What the exercise asks -> Print every entry again exactly, with no pictures.

════════

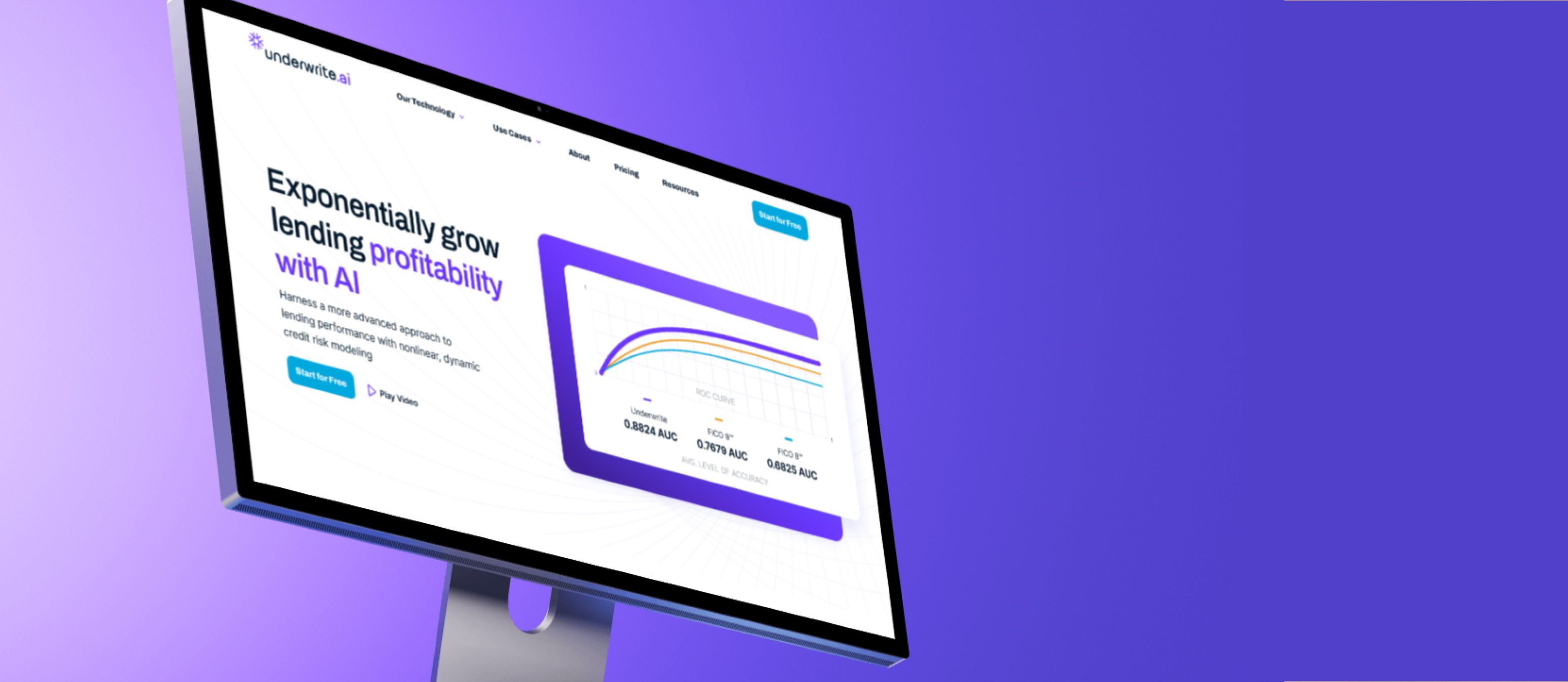 Underwrite.ai: Redefining Credit Risk with Evolving Machine Intelligence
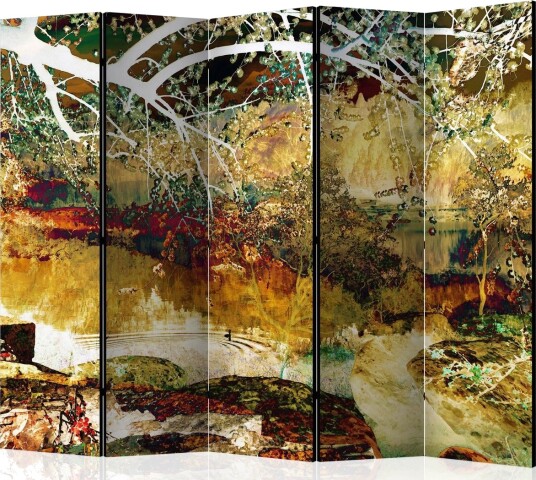 Romdeler - River of life II 225x172 - Artgeist sp. z o. o.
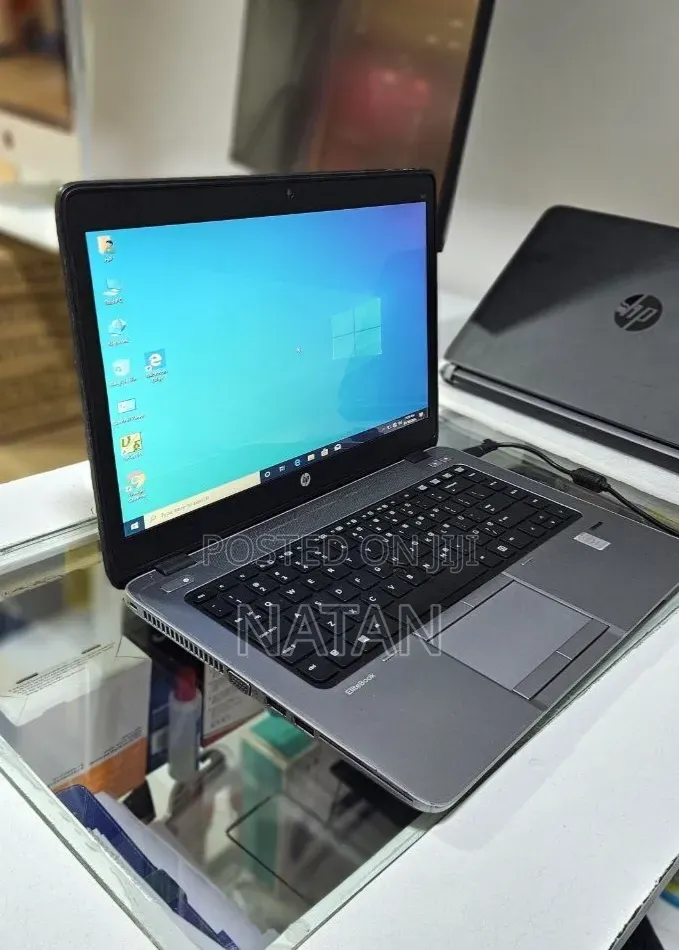 New Laptop HP EliteBook 840 G1 4GB Intel Core i5 HDD 500GB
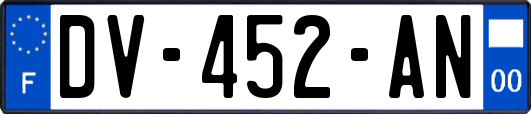 DV-452-AN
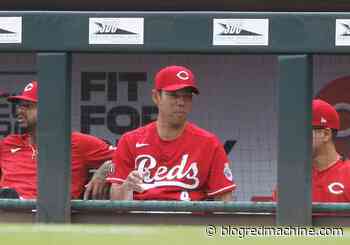 Reds: Scott Heineman starting over Shogo Akiyama is madness - Blog Red Machine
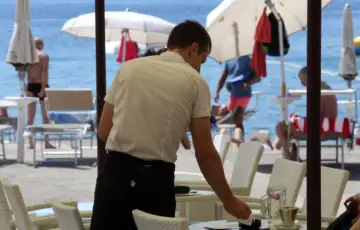 Konobar hrvatska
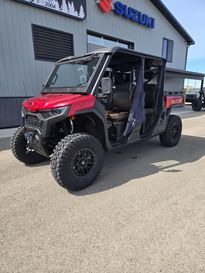 New 2026 CFMOTO UFORCE U10 XL PRO 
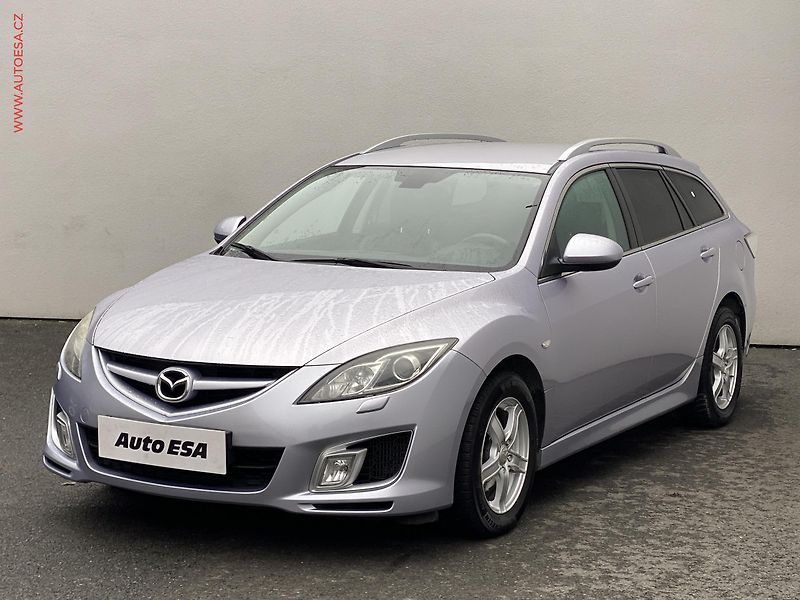 Mazda 6 (2010) 2.2MZR-CD, Bixen, TZ - fotka 3 z 16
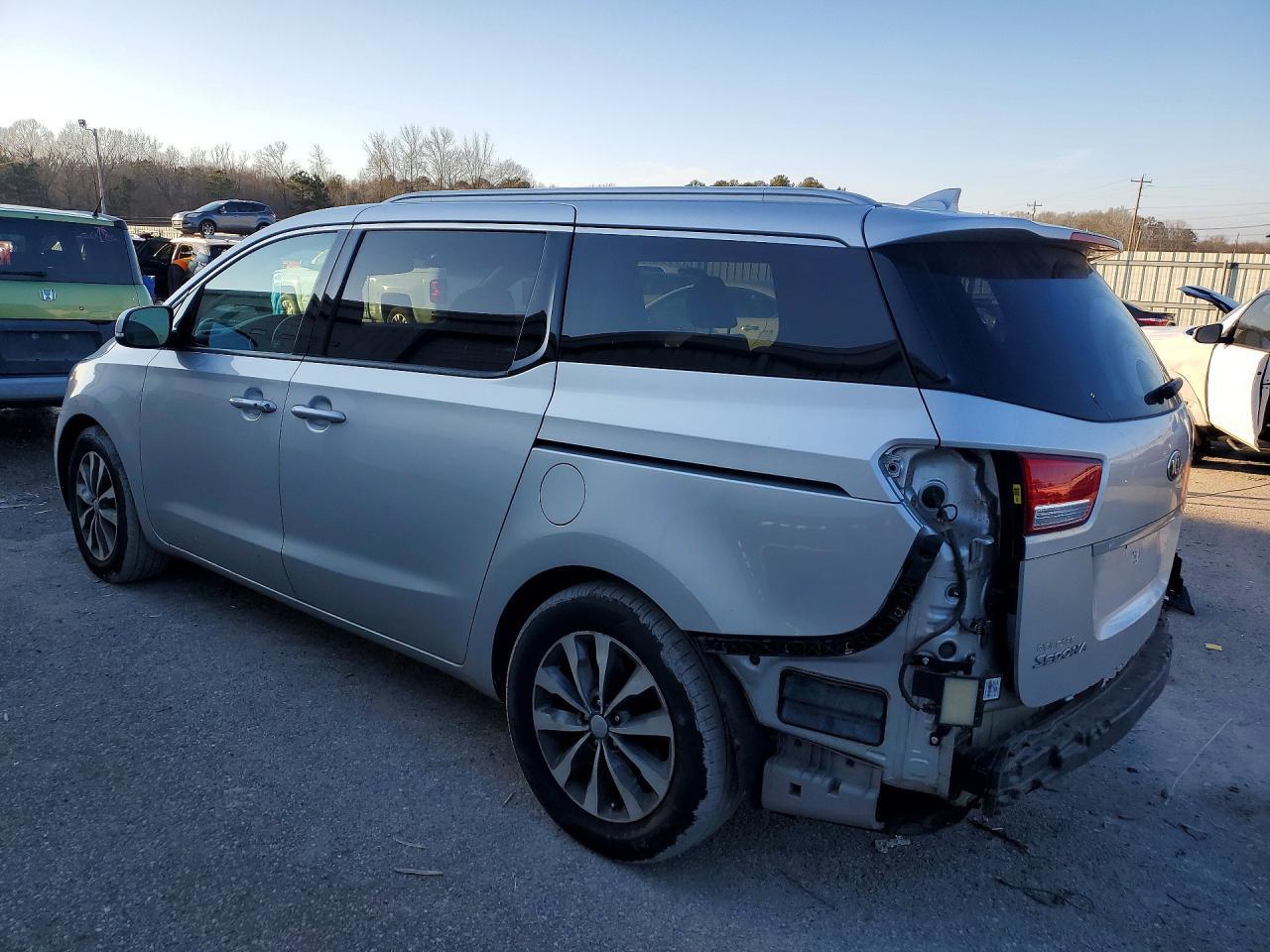 2017 KIA SEDONA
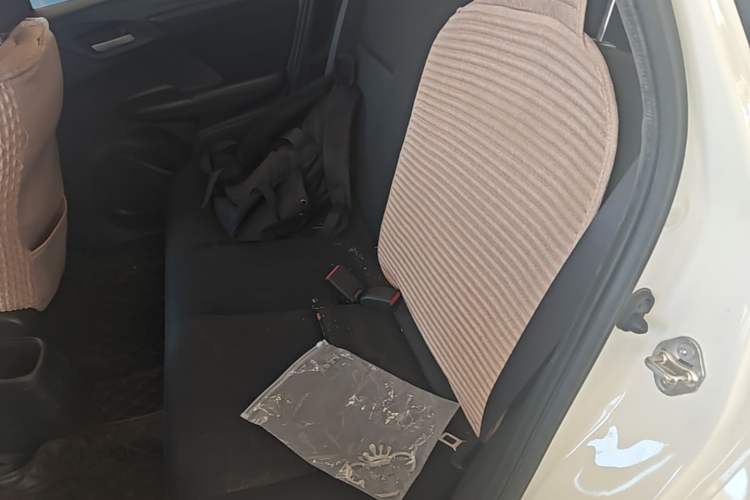 Used Honda Fit 2018 1.5L CVT Comfort Version Left Rear Seat
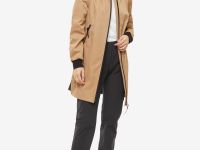 Женский плащ BASK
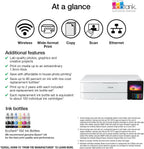 Epson ET-8550 EcoTank Photo Wireless All-in-One Printer
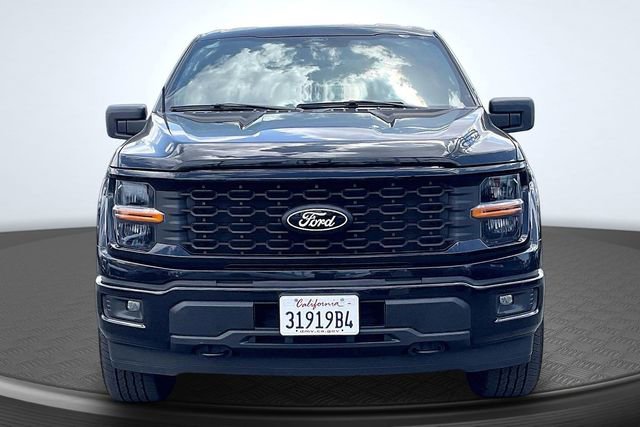 Certified 2024 Ford F150 STX w/ STX Black Appearance Package AWD/4WD image 3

════════

Exercise solution ->
 Underwrite.ai: Redefining Credit Risk with Evolving Machine Intelligence
 Romdeler - River of life II 225x172 - Artgeist sp. z o. o.
 New Laptop HP EliteBook 840 G1 4GB Intel Core i5 HDD 500GB
 DV-452-AN
 Reds: Scott Heineman starting over Shogo Akiyama is madness - Blog Red Machine
 Konobar hrvatska
 New 2026 CFMOTO UFORCE U10 XL PRO 
 Mazda 6 (2010) 2.2MZR-CD, Bixen, TZ - fotka 3 z 16
 2017 KIA SEDONA
 Used Honda Fit 2018 1.5L CVT Comfort Version Left Rear Seat
 Женский плащ BASK
 Epson ET-8550 EcoTank Photo Wireless All-in-One Printer
 Certified 2024 Ford F150 STX w/ STX Black Appearance Package AWD/4WD image 3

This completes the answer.